Reproduce every line of the material below exactly. No pictures belong in the copy.

─── DATA BLOCK

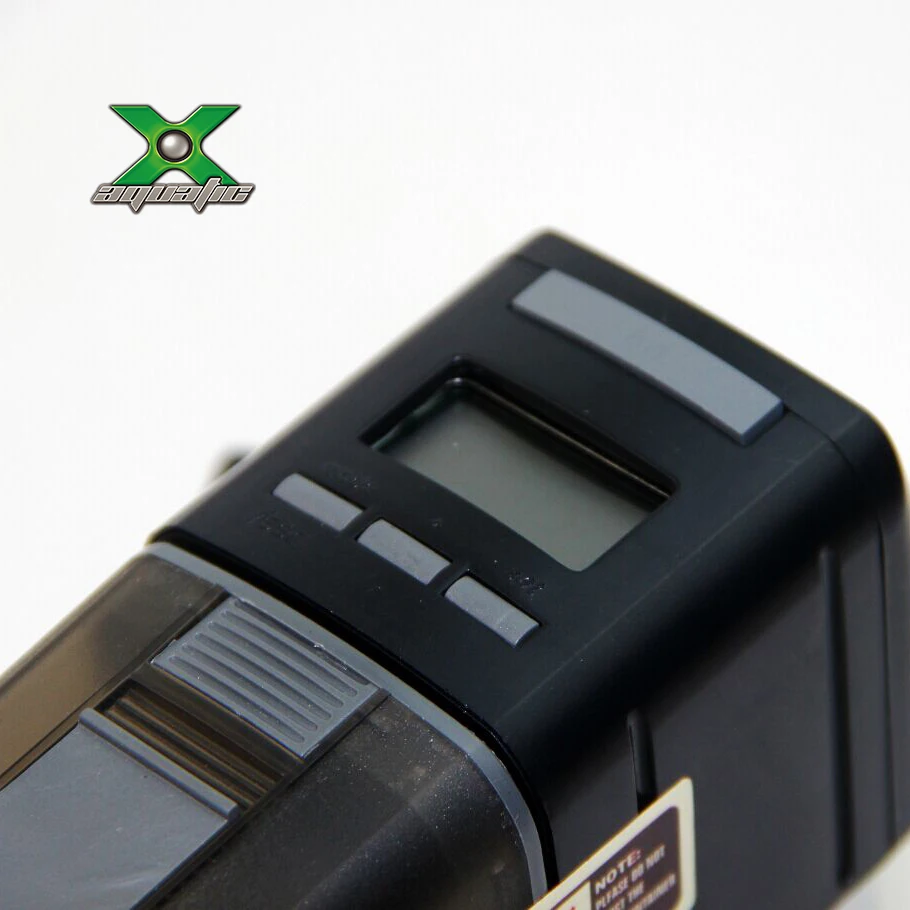 Aquarium automatic feeder fish food feeder New design aquarium accessories pond feeder pellet/flakes both can use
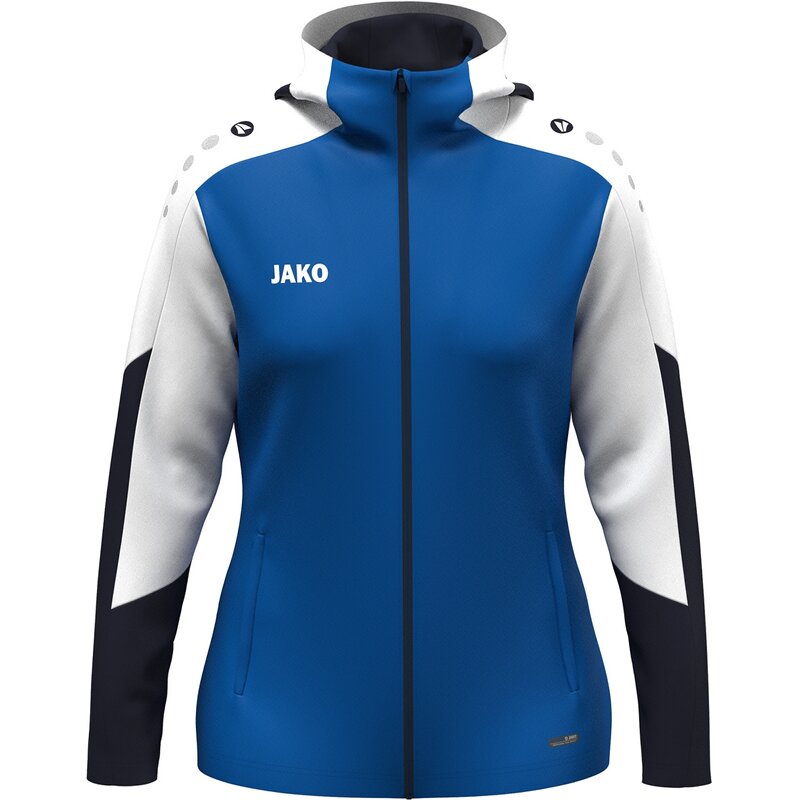 

Толстовка с капюшоном, куртка с капюшоном, динамичная женская Jako, мультиколор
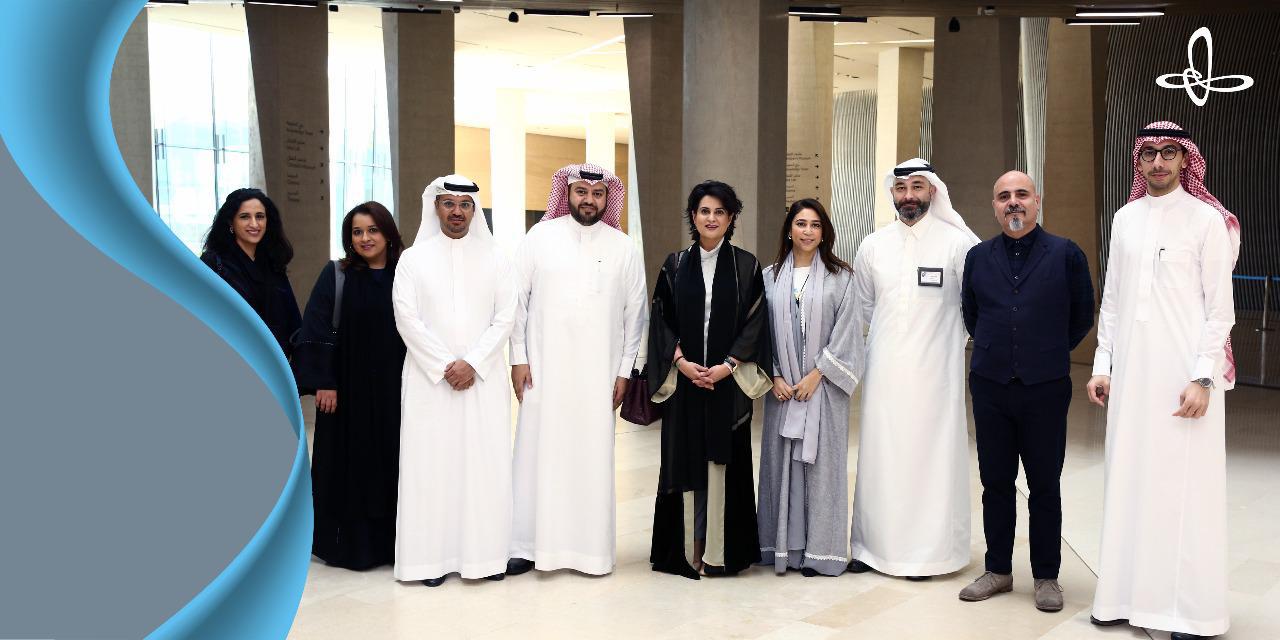 BACA delegation visits Saudi cultural centre | Bahrain News Agency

──────

▶ **RESULT BELOW**:
 Aquarium automatic feeder fish food feeder New design aquarium accessories pond feeder pellet/flakes both can use

Толстовка с капюшоном, куртка с капюшоном, динамичная женская Jako, мультиколор
 BACA delegation visits Saudi cultural centre | Bahrain News Agency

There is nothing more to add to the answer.